*EXERCISE PROMPT*. Two lines in the data below mark the range: the one with "Casa para alugar" and the one with "Floral Beaded Chiffon". Return both, along with every line between them, exactly.

*DATASET*.

┄┄┄┄┄┄┄┄┄┄┄┄┄┄┄┄┄┄┄┄

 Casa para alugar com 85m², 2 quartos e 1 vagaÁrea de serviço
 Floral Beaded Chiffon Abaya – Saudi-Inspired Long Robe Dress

┄┄┄┄┄┄┄┄┄┄┄┄┄┄┄┄┄┄┄┄

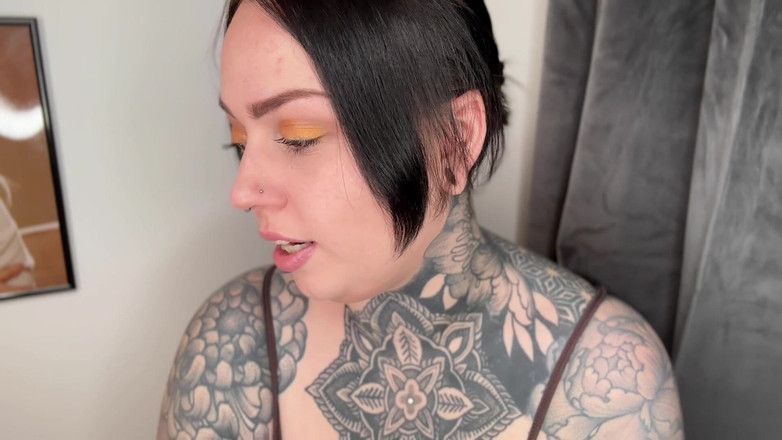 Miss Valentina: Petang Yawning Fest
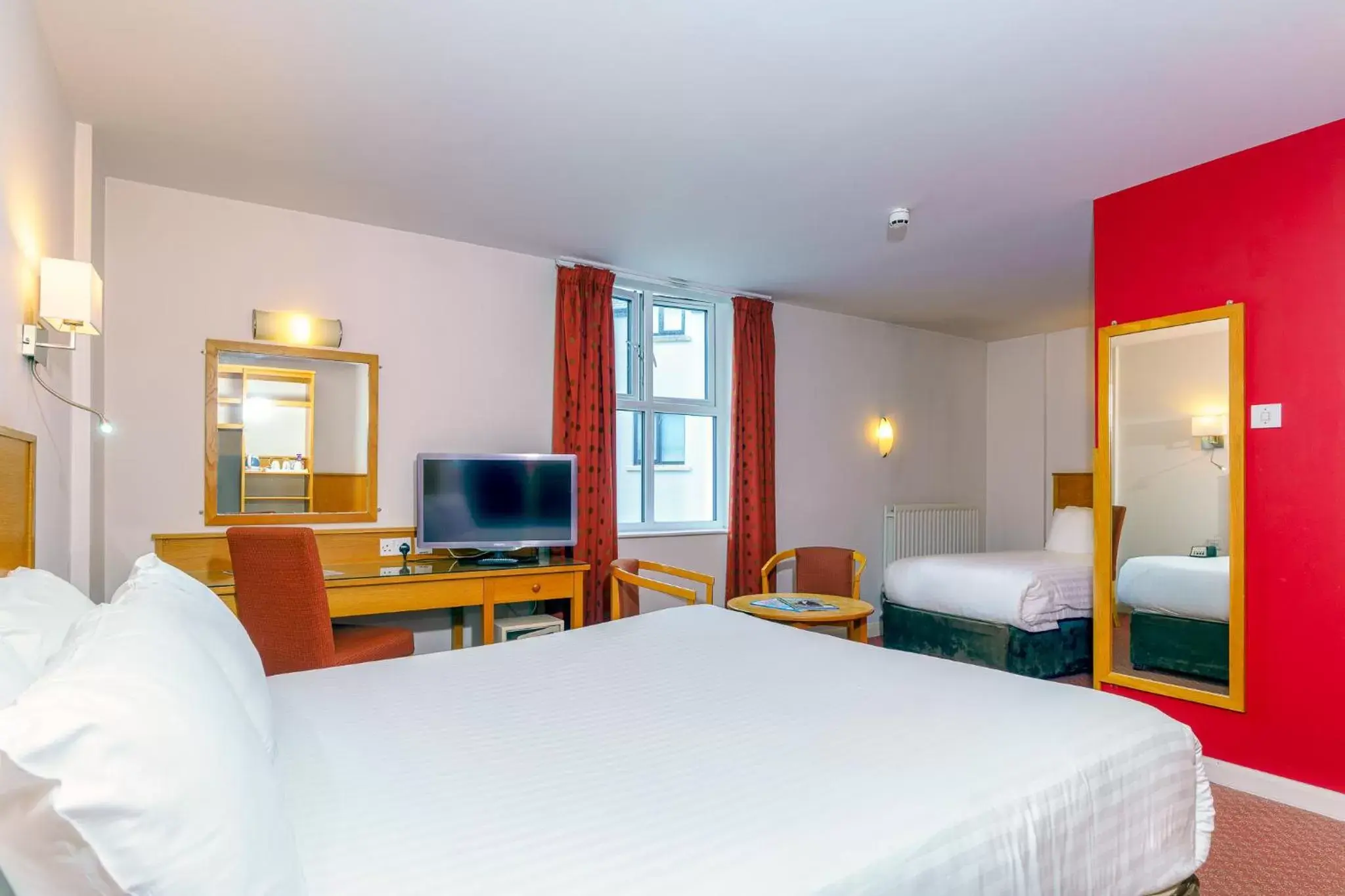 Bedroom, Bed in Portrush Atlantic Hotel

┄┄┄┄┄┄┄┄┄┄┄┄┄┄┄┄┄┄┄┄

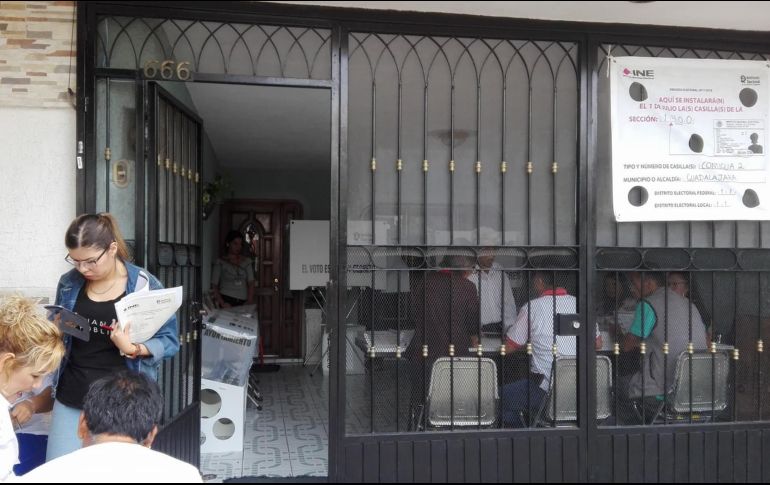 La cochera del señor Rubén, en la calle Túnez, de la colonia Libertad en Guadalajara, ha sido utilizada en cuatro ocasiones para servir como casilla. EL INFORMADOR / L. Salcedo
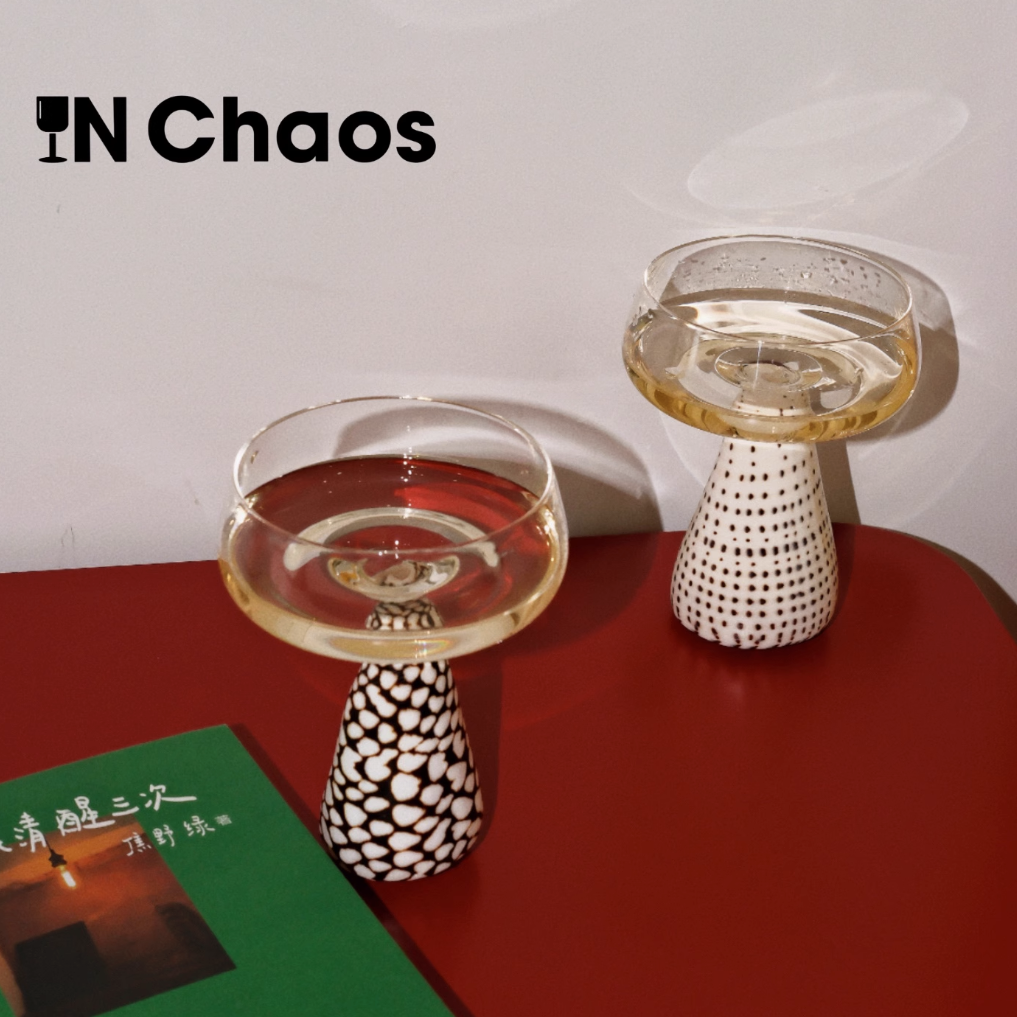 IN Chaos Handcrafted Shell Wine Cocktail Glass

┄┄┄┄┄┄┄┄┄┄┄┄┄┄┄┄┄┄┄┄

*TASK SOLUTION*.
 Casa para alugar com 85m², 2 quartos e 1 vagaÁrea de serviço
 Floral Beaded Chiffon Abaya – Saudi-Inspired Long Robe Dress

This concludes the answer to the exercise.